(Records from a collection)

-*-

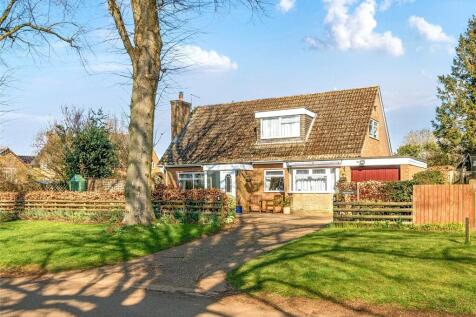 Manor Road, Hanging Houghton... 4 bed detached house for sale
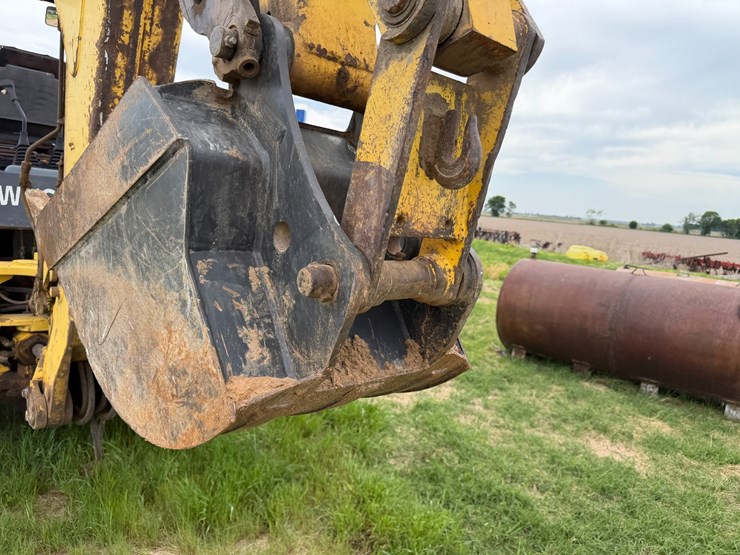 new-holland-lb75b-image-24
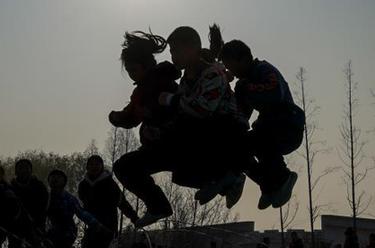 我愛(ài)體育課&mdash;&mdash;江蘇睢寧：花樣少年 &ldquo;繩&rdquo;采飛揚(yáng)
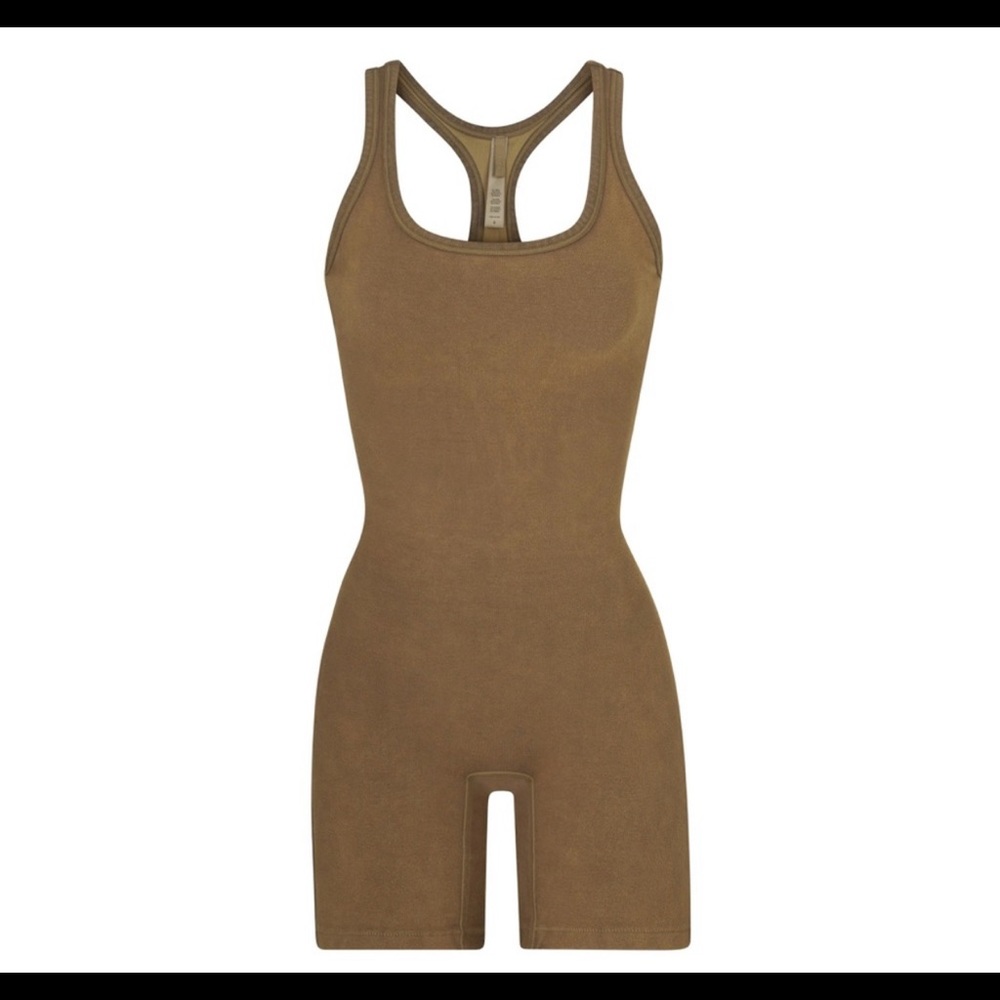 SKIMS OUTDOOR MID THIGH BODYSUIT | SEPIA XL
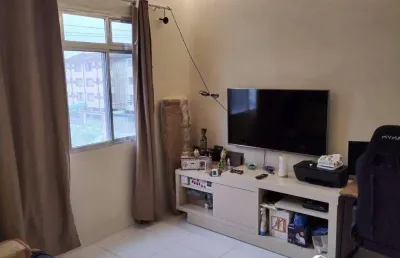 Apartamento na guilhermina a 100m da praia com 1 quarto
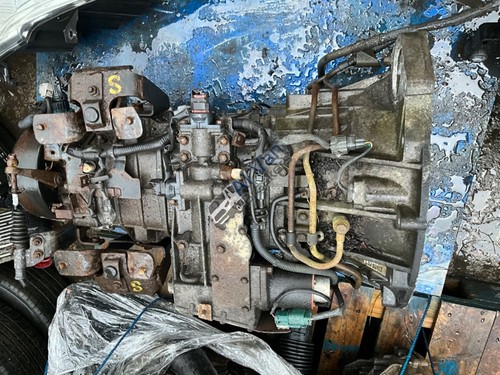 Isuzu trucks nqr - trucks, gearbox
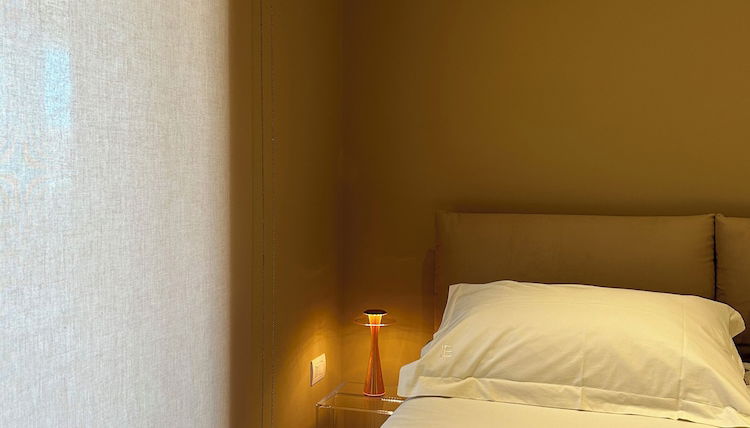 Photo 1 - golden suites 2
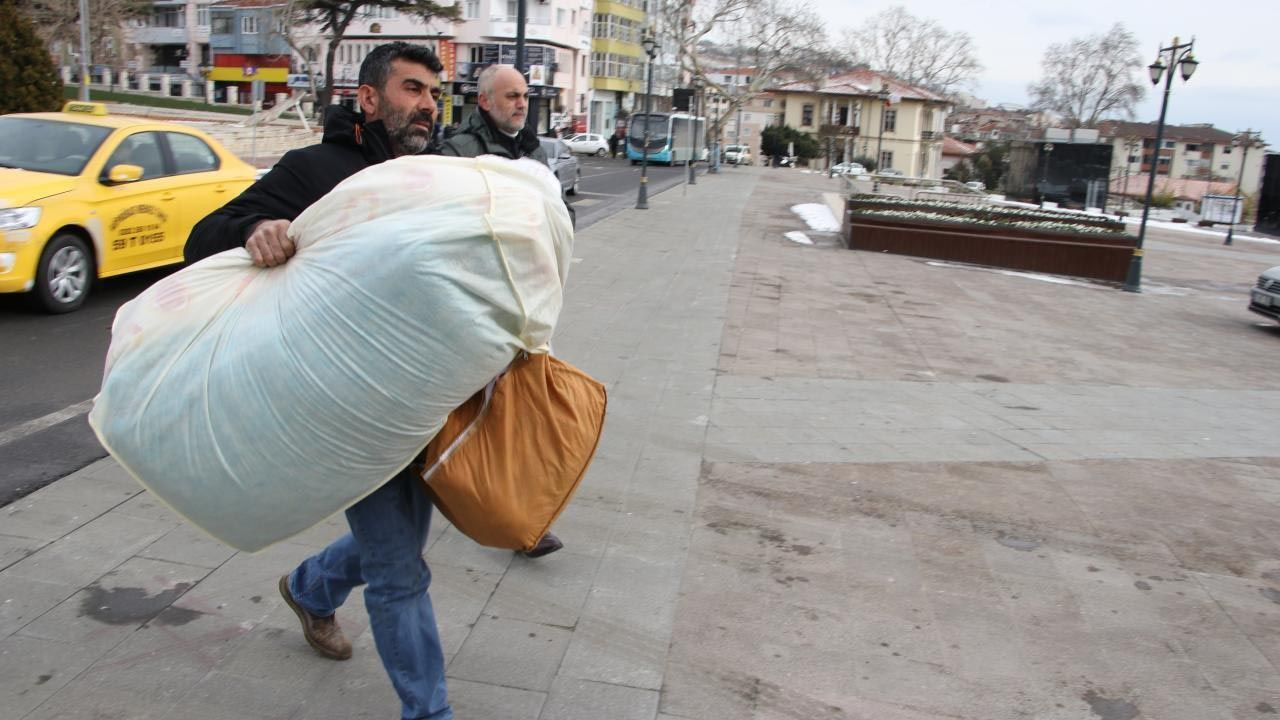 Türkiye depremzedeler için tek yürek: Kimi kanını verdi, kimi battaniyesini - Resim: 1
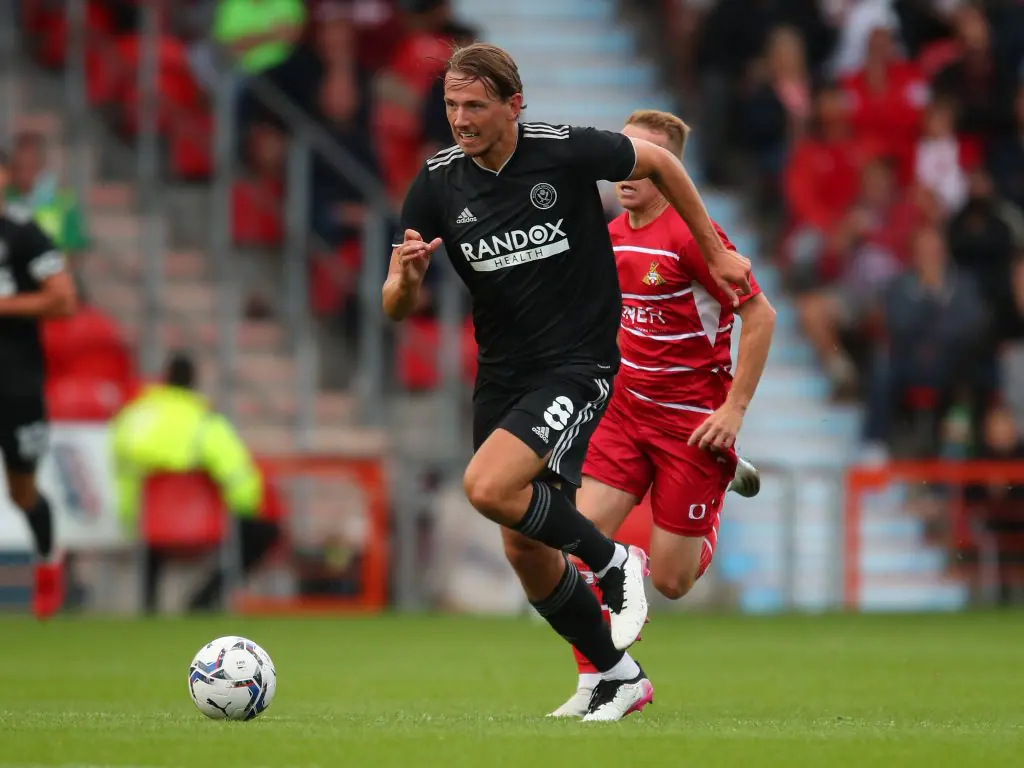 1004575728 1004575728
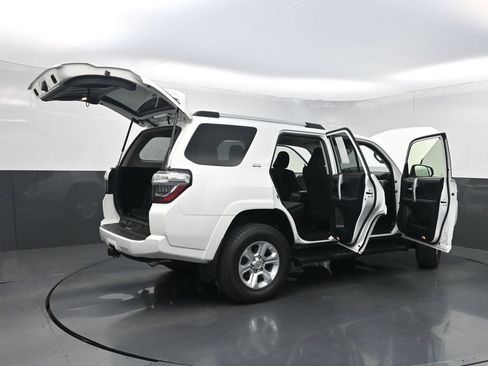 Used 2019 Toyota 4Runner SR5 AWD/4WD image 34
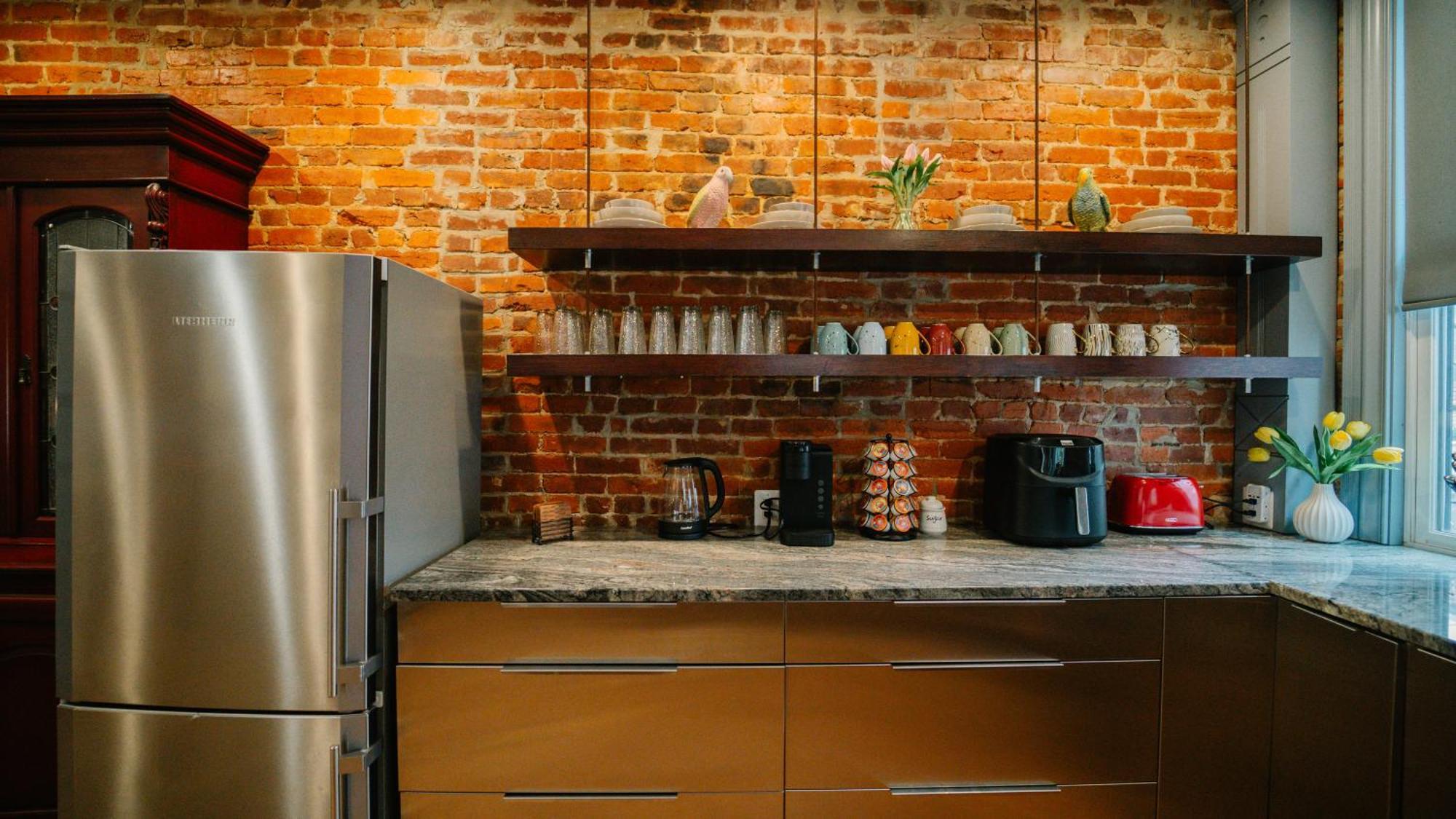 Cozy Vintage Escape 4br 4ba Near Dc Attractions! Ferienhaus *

-*-

» Problem description: The required output is the lines from the one containing "Used 2019 Toyota" through the end of the data, printed exactly, with no pictures.

» Answer area:
 Used 2019 Toyota 4Runner SR5 AWD/4WD image 34
 Cozy Vintage Escape 4br 4ba Near Dc Attractions! Ferienhaus *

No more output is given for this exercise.